Caption-style text data
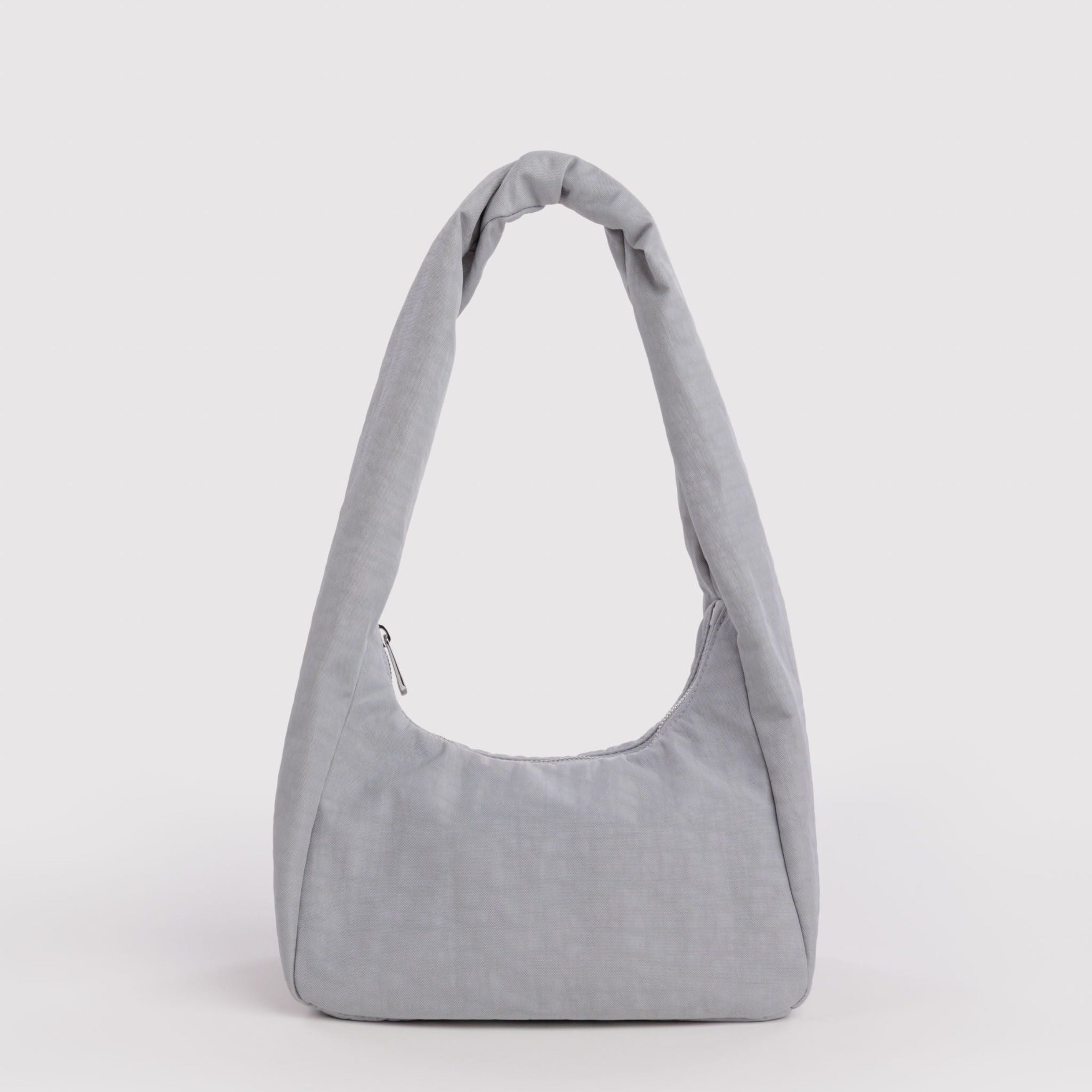Baggu Small Nylon Meringue Bag in Fog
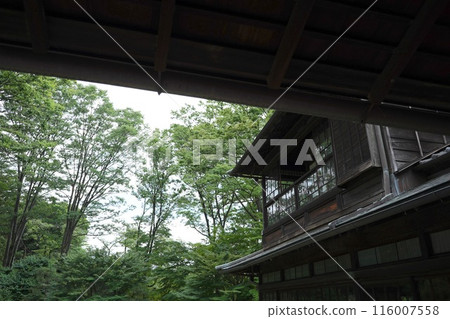 老建築在東京,日本,江戶東京建築博物館, 老建築在東京,日本,江戶東京建築博物館, 116007558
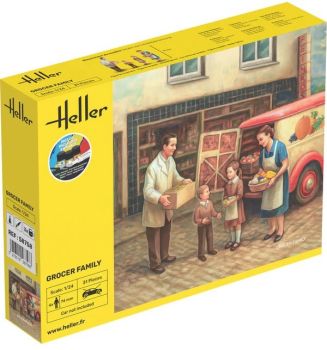 HEL58758 - Assembly and Paint Kit - Grocers' Family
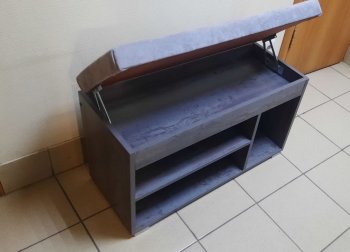 Тумба Т-1 (ткань) в Олёкминске - mebel154.com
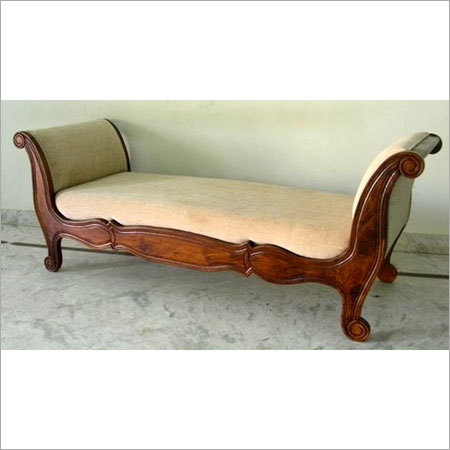 Wooden Couch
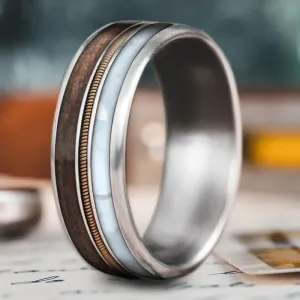 Custom Design - 3-Inlay Metal Center Ring arCCsl97U7LfMjNjaRI2bU5P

◆ **Activity**
Write out the entries word for word. Skip the pictures.

◆ **Written solution**
Baggu Small Nylon Meringue Bag in Fog
 老建築在東京,日本,江戶東京建築博物館, 老建築在東京,日本,江戶東京建築博物館, 116007558
 HEL58758 - Assembly and Paint Kit - Grocers' Family
 Тумба Т-1 (ткань) в Олёкминске - mebel154.com
 Wooden Couch
 Custom Design - 3-Inlay Metal Center Ring arCCsl97U7LfMjNjaRI2bU5P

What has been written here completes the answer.